Regardless of a particular investor’s direct investments, oil, gas, and mining companies are a major part of the global capital markets and all investors have an interest in transparency and accountability within the natural resources sector. It is telling that there is unanimous support for section 1504 in the over two dozen letters submitted to the SEC by institutional investors representing over $9.8 trillion dollars in assets under management.

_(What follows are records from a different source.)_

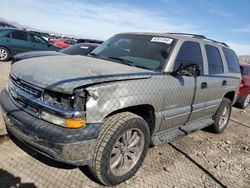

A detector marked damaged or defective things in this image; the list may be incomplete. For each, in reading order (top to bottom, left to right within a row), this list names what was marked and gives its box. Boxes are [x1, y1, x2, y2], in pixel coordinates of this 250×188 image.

crumpled hood [10, 55, 152, 94]
front bumper damage [0, 89, 101, 165]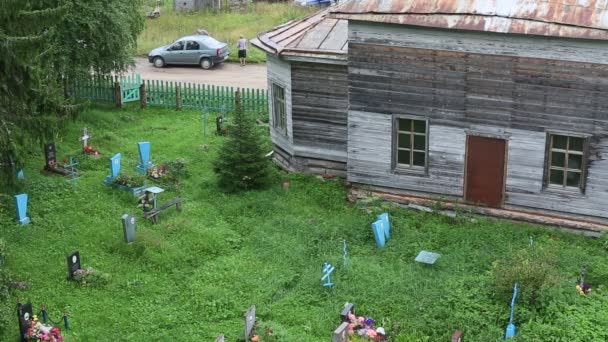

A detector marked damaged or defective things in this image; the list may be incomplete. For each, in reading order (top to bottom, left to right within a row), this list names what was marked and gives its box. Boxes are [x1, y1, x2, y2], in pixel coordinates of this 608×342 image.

rusty metal roof [251, 7, 346, 60]
rusty metal roof [332, 0, 608, 40]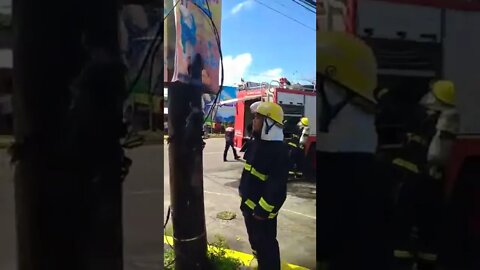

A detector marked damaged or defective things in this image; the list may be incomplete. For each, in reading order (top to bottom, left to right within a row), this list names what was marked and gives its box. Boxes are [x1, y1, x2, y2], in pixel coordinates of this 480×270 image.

burnt wooden utility pole [12, 0, 125, 268]
burnt wooden utility pole [168, 53, 207, 268]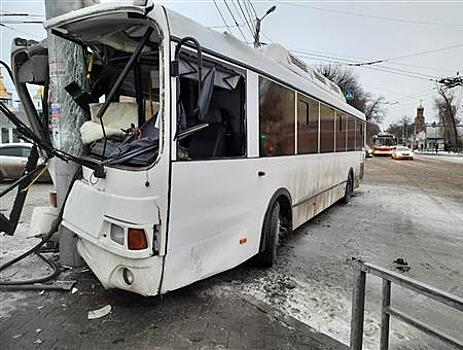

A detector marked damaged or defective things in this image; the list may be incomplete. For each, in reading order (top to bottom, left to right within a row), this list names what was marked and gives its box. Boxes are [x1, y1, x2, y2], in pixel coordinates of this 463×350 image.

damaged bus front [45, 4, 173, 296]
crash damage to bus body [8, 1, 366, 296]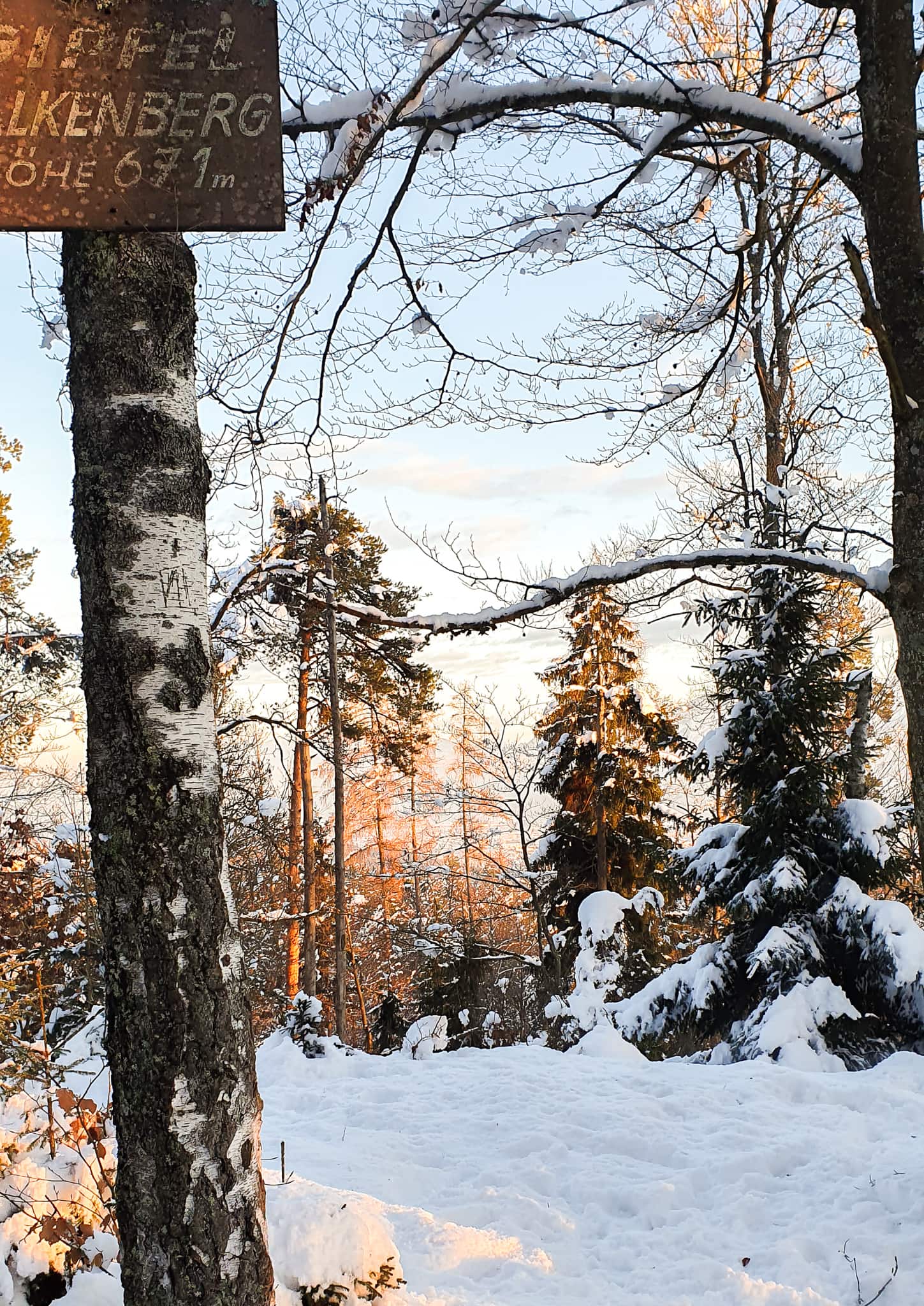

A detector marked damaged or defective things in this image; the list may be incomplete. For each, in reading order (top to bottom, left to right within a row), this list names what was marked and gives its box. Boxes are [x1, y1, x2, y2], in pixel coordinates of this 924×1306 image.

rusty brown signboard [0, 1, 284, 232]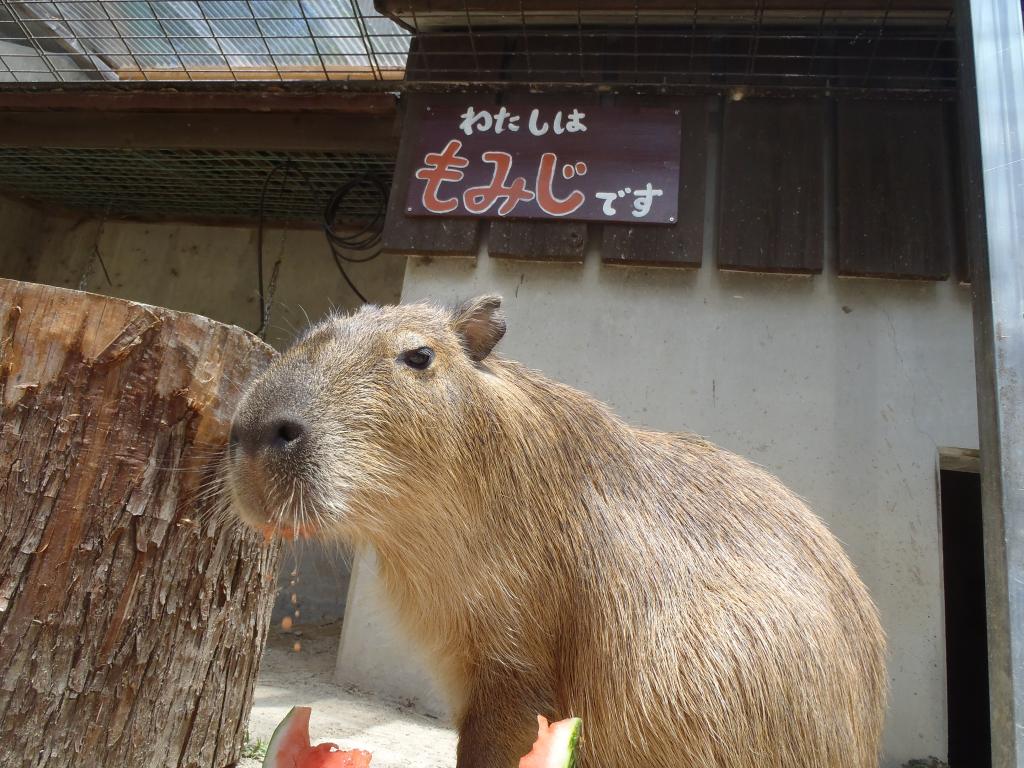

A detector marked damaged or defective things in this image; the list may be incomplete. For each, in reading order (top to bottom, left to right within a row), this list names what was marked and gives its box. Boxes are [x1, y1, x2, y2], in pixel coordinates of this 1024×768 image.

rusty metal grid [0, 147, 395, 221]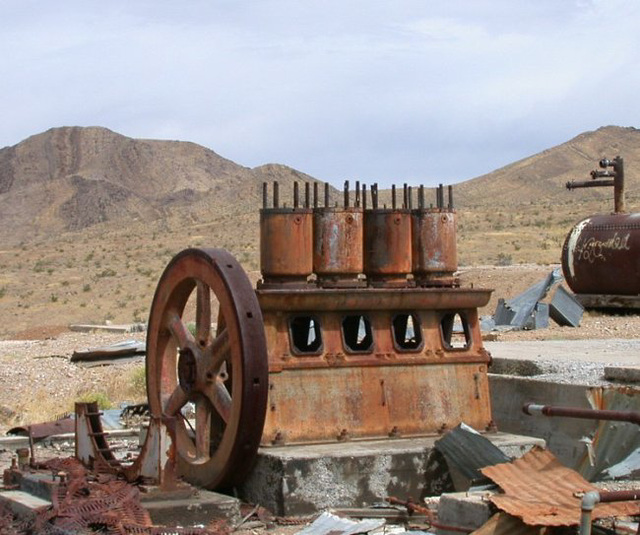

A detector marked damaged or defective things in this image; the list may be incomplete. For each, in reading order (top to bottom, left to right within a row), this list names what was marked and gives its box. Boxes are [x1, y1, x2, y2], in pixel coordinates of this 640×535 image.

corroded cylinder [258, 208, 312, 286]
corroded cylinder [312, 207, 362, 286]
corroded cylinder [362, 208, 412, 286]
corroded cylinder [412, 208, 458, 286]
oxidized iron [564, 157, 636, 304]
rusted tank [560, 214, 640, 298]
corroded cylinder [560, 214, 640, 298]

Section 1504 was a milestone, setting the baseline for mandatory disclosure requirements that have developed internationally. Parallel disclosure requirements are now on the books in the EU, Canada, and Norway. Royal Dutch Shell and Total, two of the world’s largest oil and gas companies, have reported their project-level payments to governments under EU transparency requirements. With the SEC approval of the implementing rule for Section 1504, the global transparency standard for the extractives sector extends to the United States, the world’s largest extractives market.

The project-level payments that extractive companies make to governments are material to investors. Public disclosure of royalties, taxes, production entitlements, bonuses, and other fees paid by extractive companies can provide investors the data to accurately model and analyze a company’s exposure to country-specific and project-specific risks. Project-level tax data and a clearer picture of company performance can contribute to better investment decisions.

Disclosures required through Section 1504 can reduce the information asymmetry that exists between investors and extractive companies. With this sector in particular, the gap in information can be even more pronounced due to the social, political, and regulatory risk factors described above. The information provided to investors through 1504 disclosures can lead to increased trust and willingness to invest in extractive companies, especially in difficult international operating environments, thus lowering the cost of capital to the companies.

The US will no longer lag behind the global oil, gas, and mining transparency standard. With project-level reports coming out under parallel transparency requirements, public mistrust could increase for US-listed companies if they were not subject to similar disclosure requirements. Such mistrust could lead to an increase in social and political risks affecting investments in US-listed oil, gas, and mining companies. The SEC action brings the US in line with the global transparency standard, providing a level playing field for industry, and a more stable and predictable environment for investors.

Stu Dalheim is Vice President, Governance and Advocacy at Calvert Investments.